→ Instructions for the task
Give the whole listing below once more, exactly, without pictures.

→ Recorded information
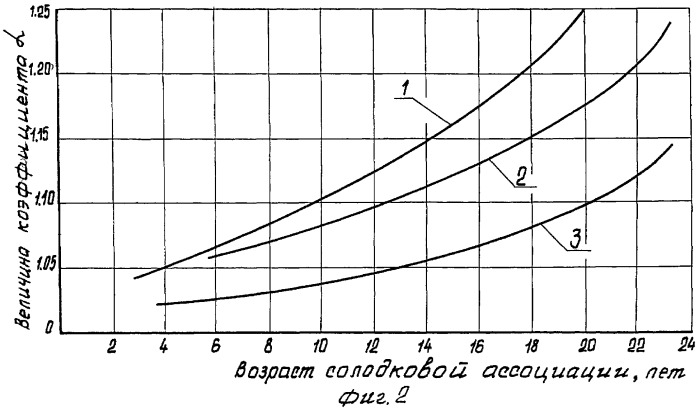 Способ прогнозирования семенной продуктивности растений солодки (патент 2363146)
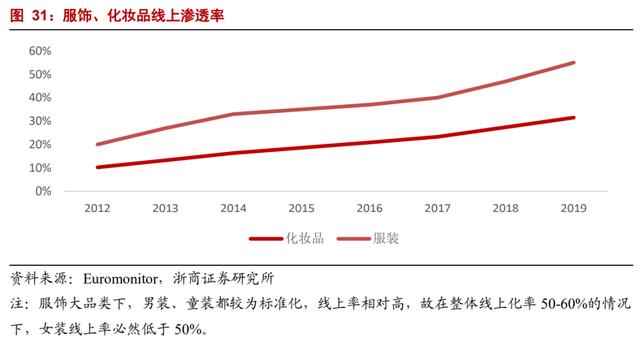 算命八字玫瑰命解释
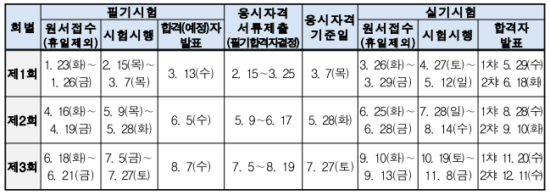 기사(산업기사 및 서비스뷴야) 자격시험 일정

→ Answer to this exercise
 Способ прогнозирования семенной продуктивности растений солодки (патент 2363146)
 算命八字玫瑰命解释
 기사(산업기사 및 서비스뷴야) 자격시험 일정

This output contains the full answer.